Models on the catwalk for Christopher Kane AW16
© Catwalking

At London Fashion Week, it has been emotional. The female muse has enjoyed the technicolour flush of a rodeo romance at Mary Katrantzou, sleepwalked around her subconscious at Alexander McQueen, and poured her best self into a moving performance at Erdem. At Christopher Kane, she was no longer on the periphery of her psyche, but fully entrapped in her mind. The designer called his collection “lost and found”, and dedicated it to the hoarders and compulsive collectors who stand outside society. “Beauty expired”, as Kane called it. “And those outsiders with a unique point of view.”

For AW16, Kane exalted the everyday. A caramel, pleated leather coat was corrugated to look like cardboard, worn with a huge tote bag, twisted plastic rain bonnet and “rubbish shoes” covered in net. Trinkets and charms were strewn about the body, and puffy pastel feathers fluffed around trims and ankles. Many of the clothes had a stripe motif, to represent the jail of her own making, said Kane. “You always hear that, ‘she’s strong, and she’s a genius’,” said Kane of the women who ordinarily inspire designers, “she’s just stuck in the wrong time.”

And she was surprisingly glamorous. “Oh yes! Super glamorous,” said Kane.
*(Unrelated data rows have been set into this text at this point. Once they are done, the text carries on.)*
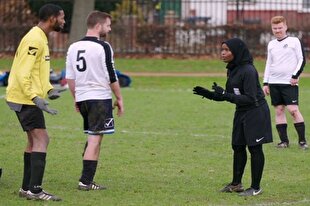 نشان امپراطوری بریتانیا برای اولین داور محجبه انگلستان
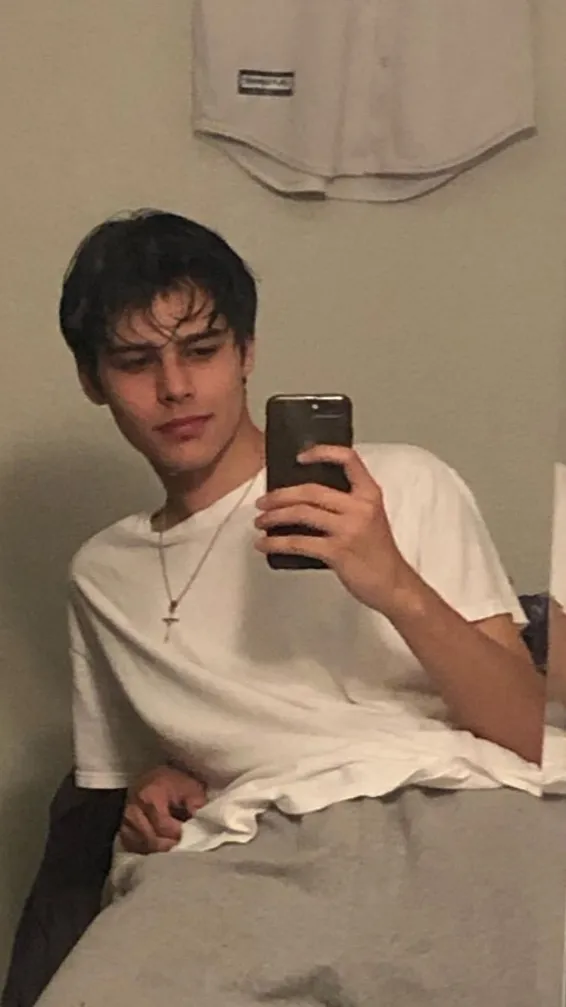 ai character: Xavier background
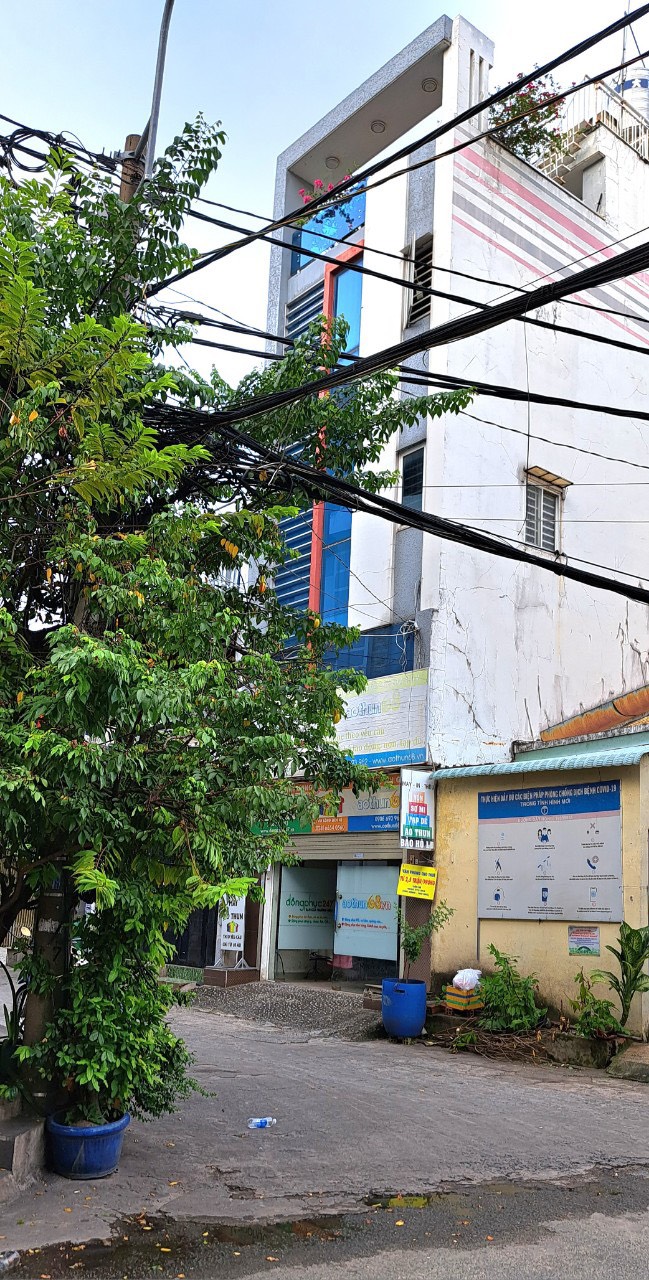 Bán nhà MT hẻm 10m 110 Tô Hiệu 1 trệt 4 lầu giá 5.7 tỷ 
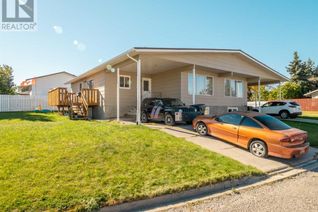 Duplex for Sale, 614 Mcdougall Street, Pincher Creek, AB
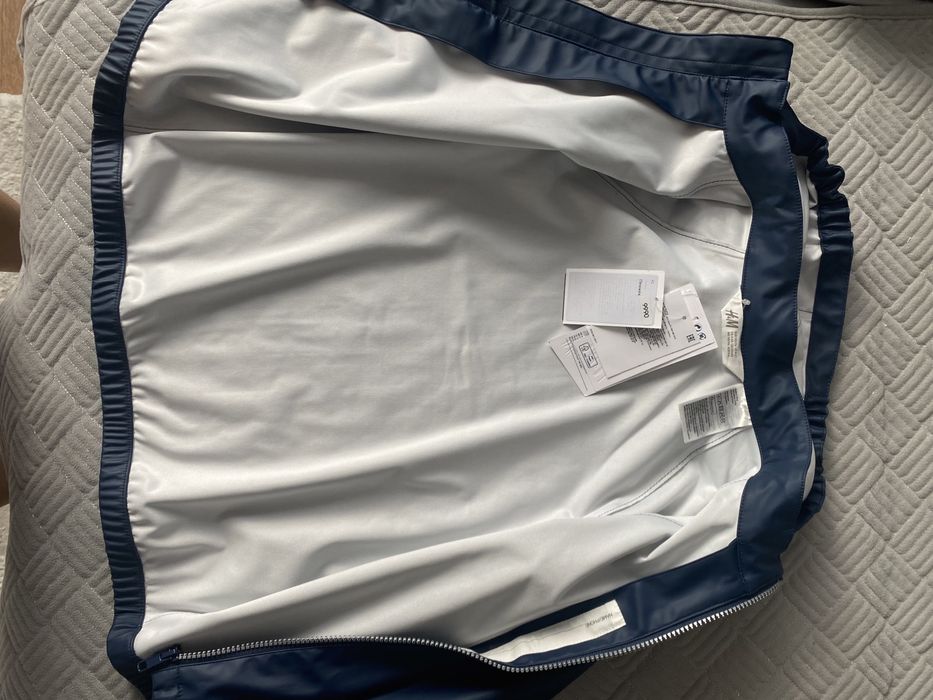 Продам новую ветровку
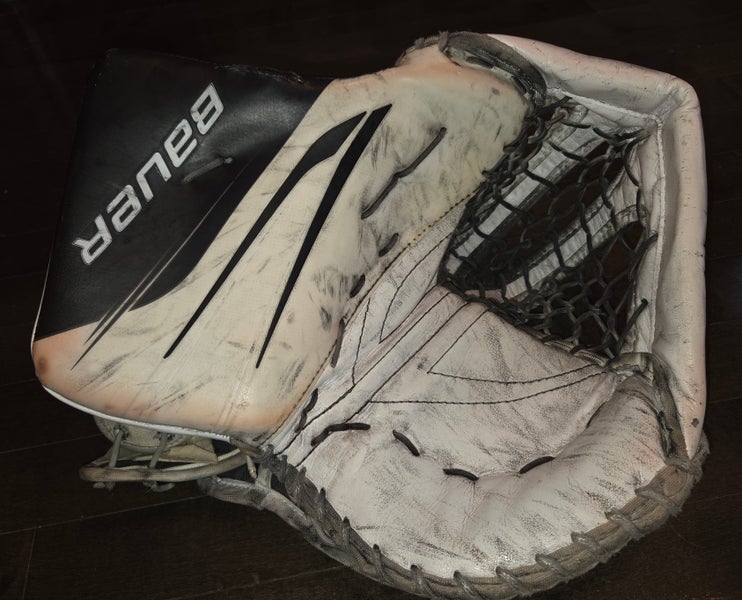 Bauer Vapor Hyperlite 2 Goalie Glove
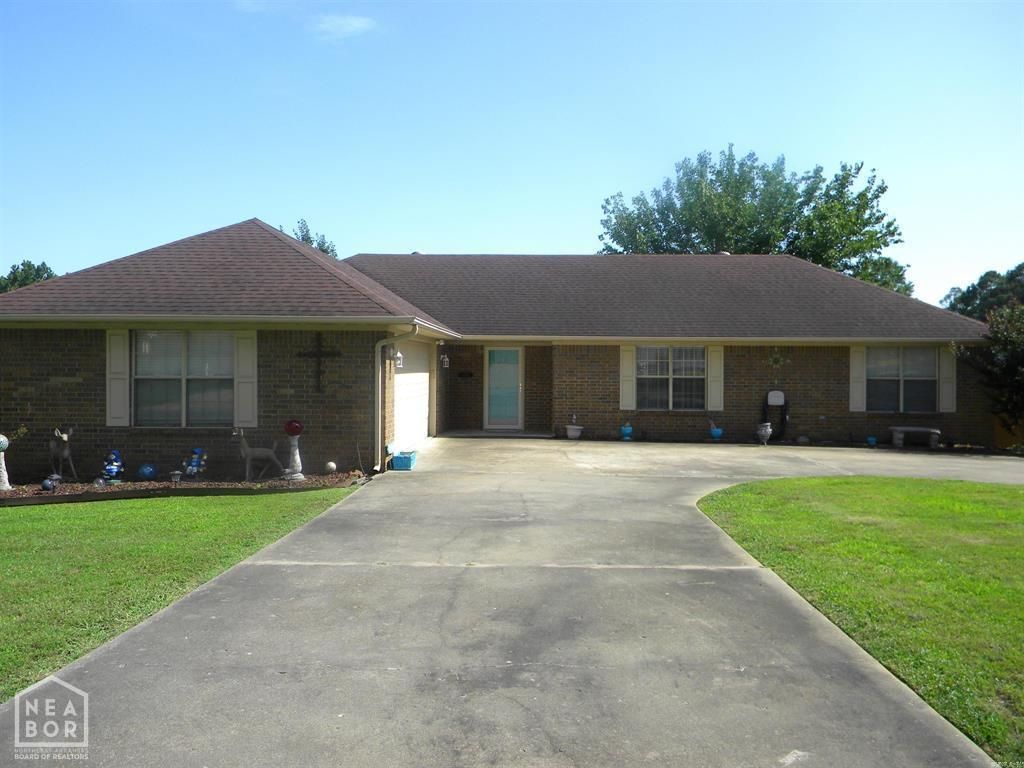 3206 Pin Oak Drive, Paragould, AR 72450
Lest this all sounds a bit Pseud’s Corner, let’s be clear, this was a very clean collection which cleverly absorbed motifs Kane has long been working with. Floral photo-prints, like those he explored for Resort 13, bloomed on pretty silk slip and robe dresses. Many of his thematic embroideries and appliqués, had been handed to the Lesage atelier in Paris, and made more luxe. Chantilly lace, a key Kane signature, had been felted and faded out of recognition.

The Kering-owned label has been working hard, along with chief executive Sarah Crook, to develop new categories and brand codes within the 10-year-old house. It has launched handbags, a shoe line and a Mount Street store. This collection developed those features, and then threw in some more — jewellery, crochet brooches, charm pins and new bag shapes. Kane had even created a new logo, the letter “K” rewritten in an oldie wordie typeface that cocked a snook at all those more established brands who love to emphasise their long histories and vast archives.

Despite this, nothing seemed brand buildy here. Kane’s collection felt individual and authentic. Just like his outsider muse, his point of view remains impressively uncluttered. He’s also nonconformist when it comes to the adoption of a “see now buy now” approach. “I can’t compete with the high street,” he explained after the show. “I don’t want to. Maybe we should switch it around a bit. But I have wholesalers who I need to keep up. I rely on my wholesalers. I think it’s just a shame stuff doesn’t stay in the shops for a bit longer instead.”